• Guerres sans mémoire

     

     

    La Guerre des boxs, un moment de télé qui propose un monde plus simple,  avec des objets infiniment substituables, transformables et vendables...

     

     

    Guerres sans mémoire

     

    Guerres sans mémoirearfois je m'arrête, entre deux zaps, sur ce pur produit de l'imagination marchande qu'est Storage Wars. Des pauvres ont entassé dans des boxs leurs pauvres possessions, parfois agrémentées d'un objet un peu plus original, raffiné, dont on devine combien il a coûté de s'en séparer.

     

    Des charognards les rachètent, sans doute forfaitairement, et les vendent à la criée. De nouveaux charognards se présentent pour acquérir ces restes fatigués. Un coup de peinture, un peu de mécanique, un présentoir et voilà les vieilles hardes reparties pour être de nouveau fourguées à des cohortes de pauvres qui n'auront jamais le salaire ni même l'ambition du neuf.

     

     

    Une télé aussi marchande, aussi consumériste que possible, met en scène des marchands qui ont pour ambition de remettre en scène des objets abandonnés, vidés de tout contenu émotionnel, livré à un futur qui ne leur appartient plus, par des consommateurs compulsifs ou des propriétaires soudain ruinés pour cause de subprimes.

     

     

     

    A partir d'objets cassés, obsolètes, vieillots, on relance la machine. Sur un tas de ruine, l'opération marchande – achat, relookage, plus-value – recommence.

     

    Elle recommence dans un univers aux lois minimales. Le commissaire-priseur fixe un prix de débat et surveille l'ouverture comme le bref aperçu des boxs. Moyennant, sans doute, une commission, chacun peut enchérir comme il veut. Allianced, coups bas, intox, rien ne manque dans ces guéguerres sur des dépouilles à ranimer pour une autre existence précaire.

     

     

     

    C'est un monde fini, empli de mémoires cassées et rejetées. Un monde sans loi, peuplé de choses à moitié brisées? que le nouveau propriétaire peut transformer à son gré, vendre à son prix. Un monde simplifié de gagnants et de perdants. Un monde de référence minimales – la rumeur, les « spécialistes » du prix d'un objet. Un monde obsessionnel où s'achète et se vend les objets, les partenaires et les adversaires. Tout est gouverné par le gain sur ce qui a été abandonné, perdu, rejeté et oublié dans un autre monde qui n'existe plus, sauf par ces artefacts délaissés. Un monde où l'émotionnel est sommaire – pleurs sur le gain, pleurs sur la perte.

     

     

     

    Les box sont remplis d'objets formant une palette de possessions domestiques individuelles.
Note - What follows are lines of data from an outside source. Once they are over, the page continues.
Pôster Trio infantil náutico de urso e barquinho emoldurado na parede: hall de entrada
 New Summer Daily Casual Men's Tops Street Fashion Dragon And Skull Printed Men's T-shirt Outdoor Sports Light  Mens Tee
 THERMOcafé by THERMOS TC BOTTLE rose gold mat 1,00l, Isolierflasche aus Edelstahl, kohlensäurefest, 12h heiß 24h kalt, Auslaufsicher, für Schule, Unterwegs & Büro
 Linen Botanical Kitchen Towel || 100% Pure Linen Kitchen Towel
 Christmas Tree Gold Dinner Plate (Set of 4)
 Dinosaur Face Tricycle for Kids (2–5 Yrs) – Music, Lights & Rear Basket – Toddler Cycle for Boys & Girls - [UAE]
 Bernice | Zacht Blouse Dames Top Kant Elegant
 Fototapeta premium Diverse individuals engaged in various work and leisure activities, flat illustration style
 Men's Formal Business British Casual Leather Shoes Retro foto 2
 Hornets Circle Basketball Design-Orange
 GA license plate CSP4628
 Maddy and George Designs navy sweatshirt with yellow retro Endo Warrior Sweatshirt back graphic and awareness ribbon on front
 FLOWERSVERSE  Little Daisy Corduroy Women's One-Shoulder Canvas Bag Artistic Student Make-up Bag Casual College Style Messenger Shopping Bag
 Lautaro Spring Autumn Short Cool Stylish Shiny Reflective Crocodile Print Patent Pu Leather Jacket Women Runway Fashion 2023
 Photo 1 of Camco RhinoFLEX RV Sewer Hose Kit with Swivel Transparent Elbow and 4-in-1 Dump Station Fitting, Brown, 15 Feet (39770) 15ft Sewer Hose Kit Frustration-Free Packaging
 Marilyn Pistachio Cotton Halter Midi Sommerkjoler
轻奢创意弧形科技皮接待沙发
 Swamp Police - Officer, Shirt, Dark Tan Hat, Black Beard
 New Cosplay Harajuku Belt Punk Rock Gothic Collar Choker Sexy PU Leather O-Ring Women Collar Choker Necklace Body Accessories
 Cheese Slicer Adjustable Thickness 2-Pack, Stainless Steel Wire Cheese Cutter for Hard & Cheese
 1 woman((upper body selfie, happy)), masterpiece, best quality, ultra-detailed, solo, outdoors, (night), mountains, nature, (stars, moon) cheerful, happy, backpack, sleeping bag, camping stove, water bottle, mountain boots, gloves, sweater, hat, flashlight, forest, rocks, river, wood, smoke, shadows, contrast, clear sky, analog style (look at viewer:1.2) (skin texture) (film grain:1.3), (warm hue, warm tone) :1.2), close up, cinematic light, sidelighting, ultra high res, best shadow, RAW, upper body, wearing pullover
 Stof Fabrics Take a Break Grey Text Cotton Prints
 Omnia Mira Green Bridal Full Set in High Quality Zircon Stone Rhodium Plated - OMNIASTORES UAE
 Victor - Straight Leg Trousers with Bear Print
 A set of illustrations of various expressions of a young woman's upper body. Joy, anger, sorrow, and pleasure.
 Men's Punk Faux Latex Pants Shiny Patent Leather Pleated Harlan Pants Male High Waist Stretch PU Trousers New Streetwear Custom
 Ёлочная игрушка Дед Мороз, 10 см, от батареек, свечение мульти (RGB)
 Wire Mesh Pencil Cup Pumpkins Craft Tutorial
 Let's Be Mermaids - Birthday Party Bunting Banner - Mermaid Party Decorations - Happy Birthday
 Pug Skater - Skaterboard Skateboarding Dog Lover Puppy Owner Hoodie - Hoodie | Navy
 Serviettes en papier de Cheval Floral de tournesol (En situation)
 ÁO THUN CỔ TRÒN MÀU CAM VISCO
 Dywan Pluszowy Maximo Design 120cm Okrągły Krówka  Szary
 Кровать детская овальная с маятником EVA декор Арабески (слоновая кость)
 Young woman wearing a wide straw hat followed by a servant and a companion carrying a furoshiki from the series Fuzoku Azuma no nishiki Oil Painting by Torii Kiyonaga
Le monde des box est sans mémoire. Ce qui est arrivé à ces objets ne compte pas, n'a quasiment pas existé. Ni les lieux où ils ont servis. Storage wars pourrait se dérouler sur n'importe quel territoire.

     

     

     

    Il n'y a plus rien à attendre pour ces objets que d'être achetés sur un malentendu, et rejetés rapidement dans un nouveau box que des charognards plus avides, plus rapaces et encore moins regardants acquéront. Quelque chose a disparu là, dans ce marché de nulle part, qui a vocation à ravauder la pauvreté. Ces objets n'ont plus aucun contenu émotionnel ou d'usage.

     

    Par contre, si on fait abstraction de cela et qu'on pense à tous ceux qui n'ont pas les moyens de s'acheter du neuf ou du personnalisé, le profit se déploie. A la condition d'évoluer dans un monde en quelque sorte dévitalisé. Il s'agit d'évacuer, pour chaque chose balancée dans un box, un parcours, une mémoire, l'humanité enclose dans les objets qui nous tiennent à cœur. Une fois cela retiré, on peut amasser tout et n'importe quoi dans les boxs, et vendre, racheter, revendre, à l'infini.